In [1]:
# Dependencies:

#!pip install transformers ipywidgets IPython

# If running on Colab:
#!git clone https://github.com/sam-paech/antislop-sampler.git
#!mv antislop-sampler/src .

In [2]:
import os
import torch
from transformers import (
    AutoModelForCausalLM,
    AutoTokenizer,
)
from src.antislop_generate import generate_antislop, chat_antislop

# Enable efficient transfer for Hugging Face models
os.environ['HF_HUB_ENABLE_HF_TRANSFER'] = "1"

# Set the device to 'cuda' if available, else 'cpu'
device = torch.device("cuda" if torch.cuda.is_available() else "cpu")

# Specify the model name (replace with your preferred model)
model_name = "unsloth/Llama-3.2-1B-Instruct"
#model_name = "unsloth/Llama-3.2-3B-Instruct"

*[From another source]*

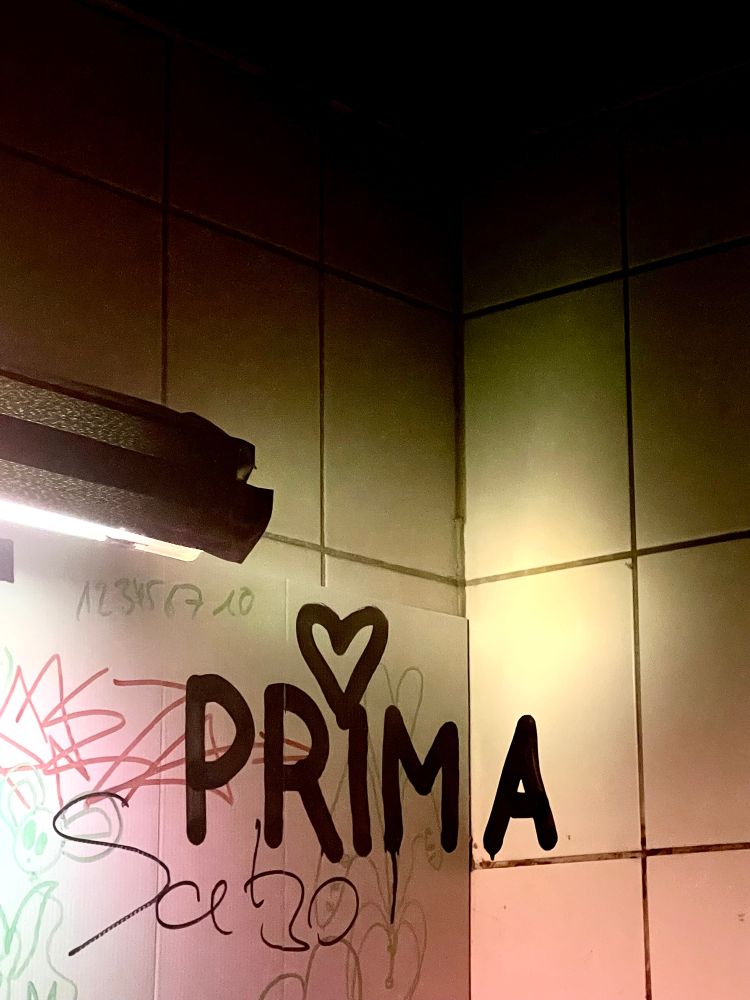 Jemand hat prima auf Wandfliesen geschrieben.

# Load the model and tokenizer
tokenizer = AutoTokenizer.from_pretrained(model_name)
model = AutoModelForCausalLM.from_pretrained(model_name, torch_dtype=torch.bfloat16)
#model.pad_token_id = tokenizer.eos_token_id
model.to(device)
print('Model loaded')

Model loaded


In [3]:
import json
if os.path.exists('slop_phrase_prob_adjustments.json'):
    with open('slop_phrase_prob_adjustments.json', 'r') as f:
        slop_phrase_prob_adjustments = dict(json.load(f)[:500])

In [4]:
prompt = "Write a story about Elara, the weaver of tapestries in future Technopolis. In the bustling city, a group of "

In [5]:
# Chat generation with streaming
messages = [
    {"role": "user", "content": prompt}
]
for token in chat_antislop(
    model=model,
    tokenizer=tokenizer,
    messages=messages,
    max_new_tokens=400,
    # Antislop sampling may be less reliable at low temperatures.
    temperature=1,    
    min_p=0.1,
    # The adjustment_strength param scales how strongly the probability adjustments are applied.
    # A value of 1 means the values in slop_phrase_prob_adjustments (or the defaults) are used unmodified.
    # Reasonable values are 0 (disabled) thru 100+ (effectively banning the list).
    adjustment_strength=100.0,
    # Optional: Provide a list of slop phrases and probability adjustments
    slop_phrase_prob_adjustments=slop_phrase_prob_adjustments,
    enforce_json=False,
    antislop_enabled=True,
    streaming=True
):
    print(tokenizer.decode(token), end='', flush=True)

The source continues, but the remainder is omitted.